-----Original Message-----
From: Pawel Piech [mailto:pawel.piech@windriver.com]
Sent: Monday, July 14, 2008 11:56 AM
To: Marc Khouzam
Cc: Daniel Jacobowitz; Vladimir Prus; gdb@sources.redhat.com
Subject: Re: MI threads behaviour
Marc Khouzam wrote:
The =thread-selected notification, in this case, should be
interpreted to
mean:
(1) User's request that the selected thread be changed, and
(2) Notification that GDB current thread has changed
The (2) trait does not matter if --thread is used, but in
this case the
frontend need to use this information to figure if
-thread-select should be
sent.
Here, I believe there is a race condition. In the example
you give above with
two windows, one window could send a CLI command changing
the thread, but
the second window may send an MI command, before receiving the
=thread-selected notification and will act on the wrong thread.

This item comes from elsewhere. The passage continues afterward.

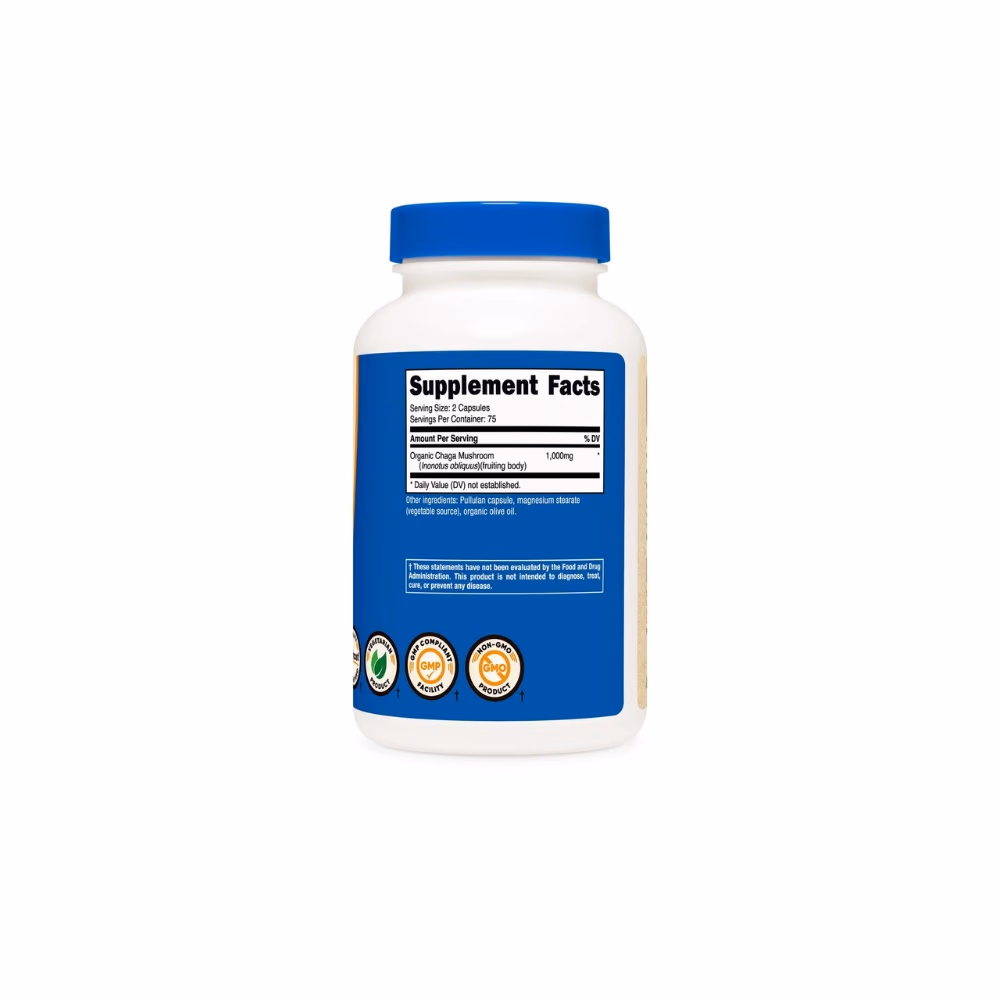 Nutricost Chaga Mushroom Cap 150s 2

I don't see how we could fix this.
Or maybe I misunderstood your explanation?
Hi Marc,
I seem to remember that we talked about the fact that there is a race
condition and decided that it is unavoidable. Our proposed
workaround
was to force the client to wait for the result of each CLI command
before issuing another CLI or MI command.
With the example of two windows, can we block an MI command on window 2
waiting for the CLI command to finish on window 1?
I guess I didn't fully understand the example.
Either way, I'm sure this solution if fine.